Deep learning has been most influential in the artificial intelligence world today and modern deep learning models are solely based on an artificial neural network, although they can also include latent variables or propositional formulas which are organized layer-wise as is the pattern in DL (deep learning) in deep generative models such as the nodes in deep belief networks and deep Boltzmann machines.

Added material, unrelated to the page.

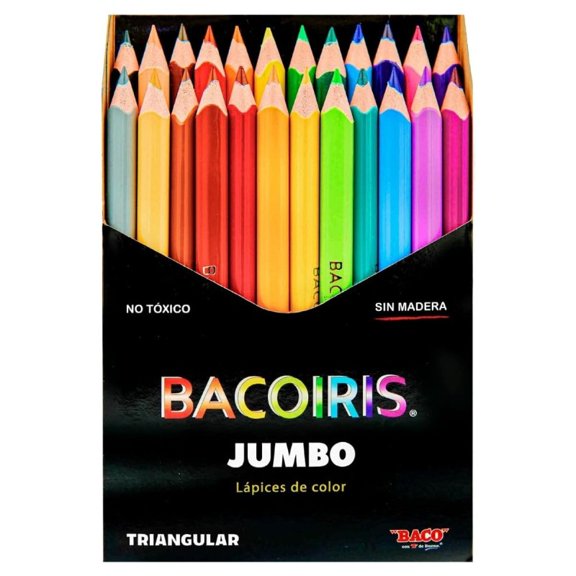 BACOIRIS Lápices de Colores Jumbo Triangulares Sin Madera, Caja con 24 Colores Brillantes, Punta Gruesa 3.3 mm, No Tóxicos, Ecológicos, Resistentes para Niños y Escolares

In deep learning, each level learns to translate or transform its input data into a tad more abstract yet composite representation. Taking an example of an image recognition application, the raw input may be a matrix of pixels. The first representational layer may isolate & abstract the pixels and encode edges while the second layer may compose and encode arrangements of edges; the third layer may encode an eye or a nose and the fourth layer may recognize that the image contains a face. Importantly, a deep learning process can learn which is how they work and if features to optimally place in which level on its own. However, this does not completely negate the need for hand-tuning; for example, varying numbers of layers and layer sizes can provide different degrees of abstraction which may need human fine tuning yet. 

 Deep learning algorithms can be applied to unsupervised learning tasks. This is beneficial and important mainly because unlabeled data appear to be more abundant than the labeled data. Examples of deep structures that can be trained in an unsupervised manner are deep belief networks and neural history compressors. 

These analytical models help researchers, engineers, data scientists ad analysts to be able to generate reliable and predictable results. It also helps to learn the interrelationships between trends and data.

The theory of Machine learning can be said to be based on the knowledge of recurring data. Instances and situations and the ability to respond to it can only be overcome by a program that is able to predict possible events, asses and respond accordingly to the situation at hand.